Actually, in making his latest feature — following the likes of Velvet Goldmine and I'm Not There — director Todd Haynes hits the jackpot when it comes to matching his style to the story. An adaptation of Patricia Highsmith's 1952 novel The Price of Salt, Carol doesn't just recount a narrative considered groundbreaking at the time of publication, though writer Phyllis Nagy does a stellar job of translating the content for the screen. More than that, Haynes and company take every ounce of emotion within the book, then carefully infuse it into every aspect of the film, from its warm colour palette and fondness for lingering shots to its sweeping score and elegant performances.

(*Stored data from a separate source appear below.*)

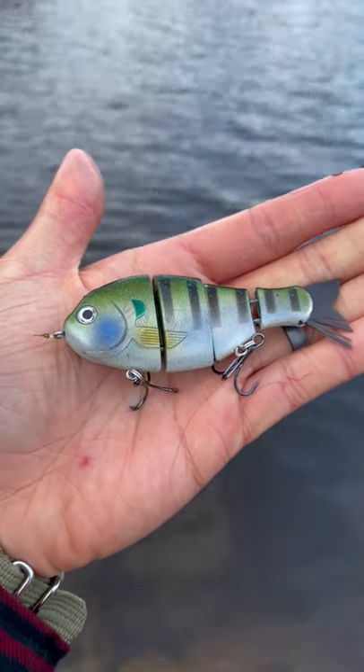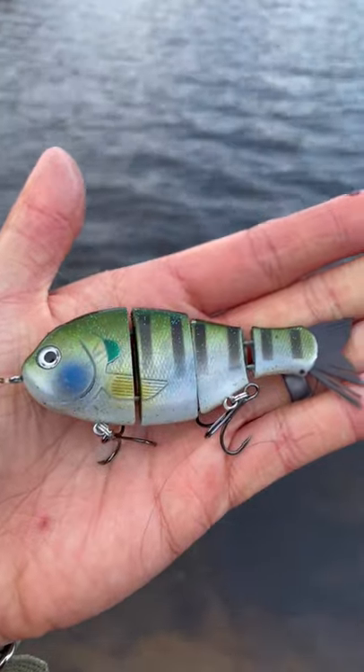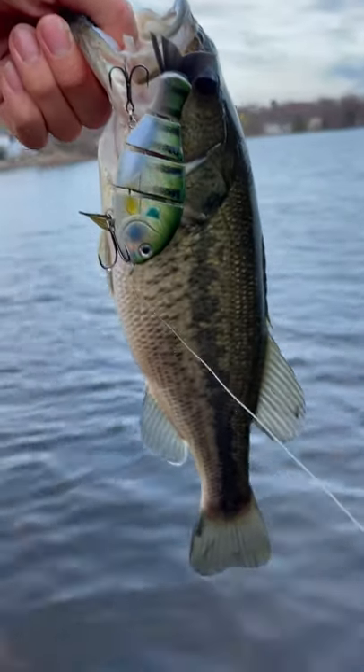This is a fake hard plastic fish, probably one of the more expensive lures I have, worth about $15. We're going to catch a real fish with it. And sure enough, a little largemouth bass came along.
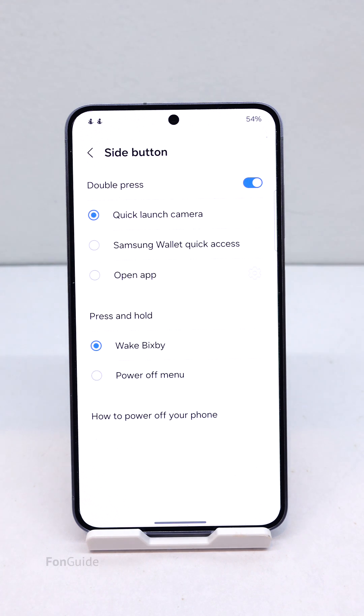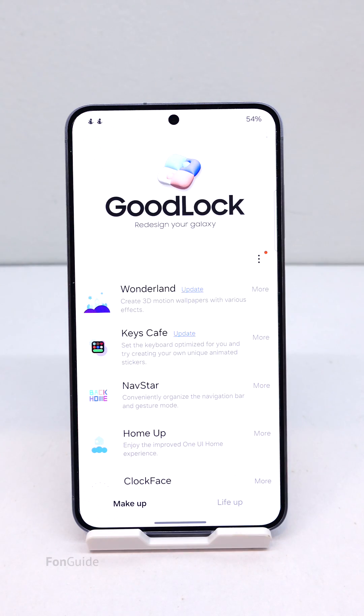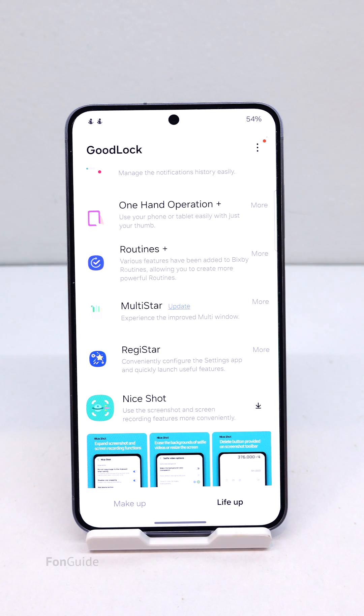Yes, it's possible. The easiest way to do so is by using Good Lock and the RegiStar module. You can download Good Lock from the Galaxy Store, and from Good Lock you can install the RegiStar module.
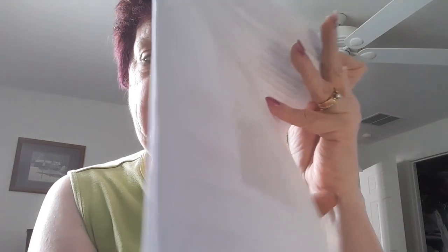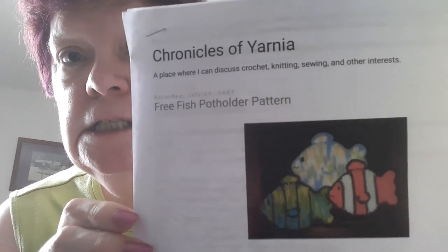Let's talk about the pattern. Chronicles of Yarnia — a place where I can discuss crochet, knitting, sewing, and other interests. This pattern is designed by Cindy Cave — C-A-V-E. And here's her pattern. It's a free pattern.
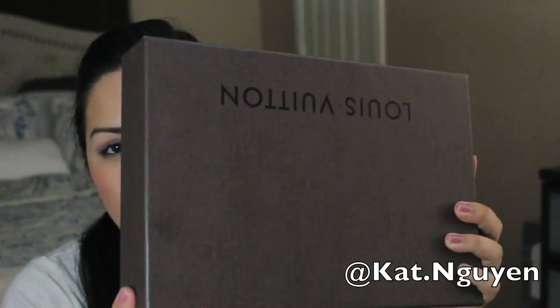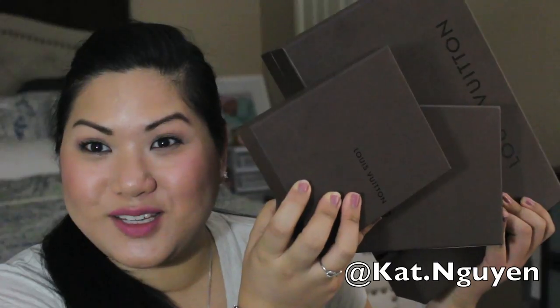I think it was like a couple hundred cheaper — let me do the math real quick. Yeah, about $131 cheaper — and that's just for this bag, not including the other two items. So here's my unboxing of these Louis Vuitton items for you.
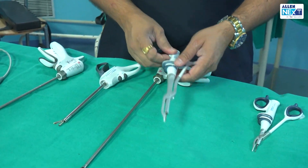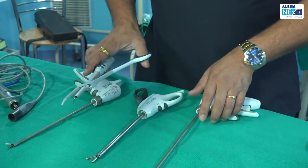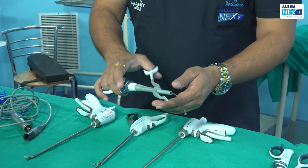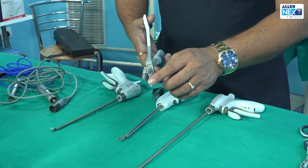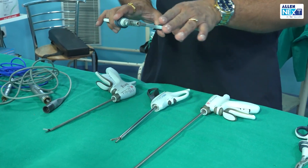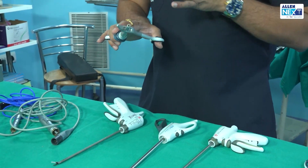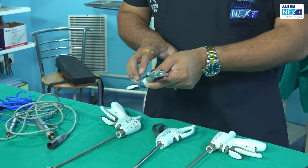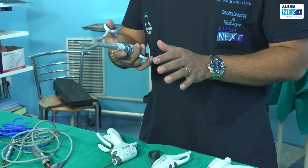This is again a harmonic — how you identify it: this is the metal jaw and this is the classical Teflon jaw. Remember, many of you just look at the image and say this is a harmonic. The metal piezoelectric jaw does forward-backward motions against the Teflon jaw.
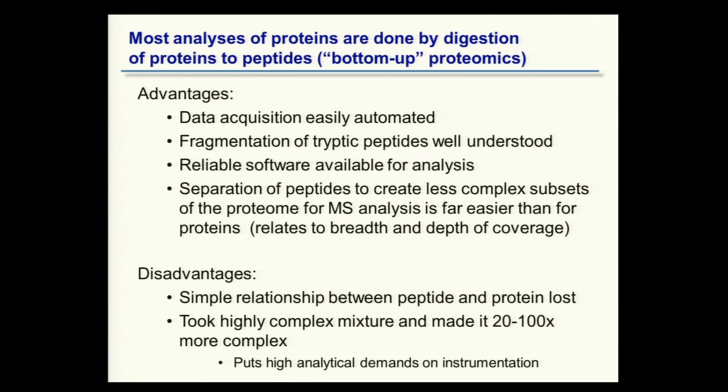Fortunately, those instruments have gotten increasingly fast over time while maintaining sensitivity. We see continual improvement in the performance of mass spectrometers, and every three to five years historically there's been a leap with a new analyzer introduced. I would never discount that there could be factors of 10 improvement in what we do.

Think of every moment, be it an image framed through a car window or a long look at gloves left behind, as an expression of the feelings the movie's characters can't always convey, or the words they can't always say. There's plenty left unspoken between Carol and Therese after they cross paths in a department store toy section just before Christmas. A friendship blossoms, and then something more, during dinners, visits and a road trip. Yet everything seems to conspire against them, thwarting them from embracing their love freely. Carol's pal Abby (Sarah Paulson) is cautious, her estranged husband Harge (Kyle Chandler) and Therese's boyfriend Richard (Jake Lacy) disapprove, and society is far from accepting.

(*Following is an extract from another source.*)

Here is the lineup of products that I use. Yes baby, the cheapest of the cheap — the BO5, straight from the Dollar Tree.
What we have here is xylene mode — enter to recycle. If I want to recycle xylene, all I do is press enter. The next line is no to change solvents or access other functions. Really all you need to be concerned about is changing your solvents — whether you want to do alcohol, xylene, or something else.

The combination of restraint and passion that Haynes perfected in 2002's Far From Heaven bubbles up again here, with the filmmaker once more showing his prowess for probing sentiments forced to simmer below the surface. Watching the way he makes the material his own — continuing his fascination with complex stories of identity and repression, as well as his ability to ensure every frame seethes with beauty and meaning — it's almost impossible to believe that any other director could've done the material justice.
Haynes isn't the picture's only source of radiance, of course, with his technical team — particularly cinematographer Edward Lachman (Howl) and composer Carter Burwell (Fargo) — helping the exquisite-looking feature come together. And then there's Blanchett and Mara, both sharing the spotlight despite the film's title seeming to indicate otherwise. Believing their pain and desire is easy, and the pair more than earn the award nominations that keep coming their way. Sure, you've seen on-screen love stories before, but cinema romances this aching and consuming are all-too rare.